In a written statement to GHG Monitor, Sierra Club Senior Managing Attorney Joanne Spalding said that the NGO expects both rulemakings to be finalized “as soon as possible.” “It’s critical that such an important and detailed standard is done right,” Spalding said. “Since the deadline for finalizing these safeguards has passed, as a precautionary move, we have joined other environmental organizations to send a notice of intent letter in order to ensure the EPA finalizes strong safeguards as soon as possible.” EPA did not respond to a request for comment about the letter of intent.

Rule Sets One Standard for All Generation Sources

Proposed by EPA last spring, the standards require all new fossil units above 25 MW to cap CO2 emissions at 1,000 pounds per megawatt-hour, roughly on par with the emissions rate of an unmitigated natural gas combined cycle unit. To comply, project operators must either install carbon capture and storage technology or opt toward other low-carbon sources like natural gas or renewables. In order to incentivize the deployment of CCS technology, EPA said it would be willing to average a unit’s emissions over a 30-year period, which could allow some electric generating units to run unmitigated for the first 10 years of the standard if operators then promise to install and run CCS technology for the next two decades.

The delay of the NSPS was widely expected even last month, given that the agency had not yet submitted the final rulemaking to the White House Office of Management and Budget, which vets all major federal regulations and often takes up to 90 days to do so. Recent reports have indicated that EPA is taking time to retool the standards in order to ensure stronger legal and technical footing for the controversial rulemaking, which is expected to be quickly challenged in court upon finalization. Many have speculated that EPA is in the process of splitting the standards into separate requirements for coal, gas and other sources of generation. Industry groups have long argued that the current technology-neutral rule has no legal precedent and that EPA should set a separate standard for coal in order to ensure a pathway forward for the technology moving forward. Coal companies have warned that the rulemaking, if finalized in its current form, would lead to a “dash for gas” since the technology is still prohibitively expensive.
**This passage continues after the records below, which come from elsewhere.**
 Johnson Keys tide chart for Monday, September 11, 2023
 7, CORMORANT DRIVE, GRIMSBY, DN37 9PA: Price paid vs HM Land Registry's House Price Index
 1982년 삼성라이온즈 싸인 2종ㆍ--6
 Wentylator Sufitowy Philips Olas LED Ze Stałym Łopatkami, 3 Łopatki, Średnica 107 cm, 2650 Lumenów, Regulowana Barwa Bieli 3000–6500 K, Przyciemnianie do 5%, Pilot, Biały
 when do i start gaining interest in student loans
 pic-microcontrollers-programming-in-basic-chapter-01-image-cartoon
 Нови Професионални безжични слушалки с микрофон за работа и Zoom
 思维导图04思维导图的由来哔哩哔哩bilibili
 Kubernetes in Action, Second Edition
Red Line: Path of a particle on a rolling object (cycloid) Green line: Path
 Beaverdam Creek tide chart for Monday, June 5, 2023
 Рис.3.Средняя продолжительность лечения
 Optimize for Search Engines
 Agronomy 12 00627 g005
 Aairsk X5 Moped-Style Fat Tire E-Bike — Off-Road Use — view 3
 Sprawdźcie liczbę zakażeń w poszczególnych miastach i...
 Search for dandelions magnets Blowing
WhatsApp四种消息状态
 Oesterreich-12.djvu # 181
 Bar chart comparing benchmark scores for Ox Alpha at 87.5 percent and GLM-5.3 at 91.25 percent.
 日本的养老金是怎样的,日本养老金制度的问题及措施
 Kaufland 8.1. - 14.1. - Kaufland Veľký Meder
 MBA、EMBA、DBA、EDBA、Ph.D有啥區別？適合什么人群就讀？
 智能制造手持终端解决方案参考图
But environmental groups argue that separate standards are not needed. “A single standard for all fossil-fired power plants is the best way to set this standard,” Rachel Cleetus, a senior climate economist at the Union of Concerned Scientists said in a statement. Natural gas combined cycle “technology is readily available and in wide use today. The CCS-averaging provision included as a compliance option in the standard also allows for a potential way for coal plants with CCS to comply with the standard over time. Setting a separate standard for coal and natural gas-fired plants would greatly weaken the standard’s ability to ensure a transition away from building high carbon electricity generation sources.”

Establishing firm legal footing for the new source standards is important for the agency as it begins eyeing greenhouse gas limits for existing plants, which it cannot begin promulgating until the former is finalized. Perciasepe said last week that the agency hopes to begin work for existing plants beginning in Fiscal Year 2014. “We are looking forward to … working with states on the existing sources, but we’re not quite there yet,” Perciasepe said. “But that’s certainly something that will be on the table during this next fiscal year.”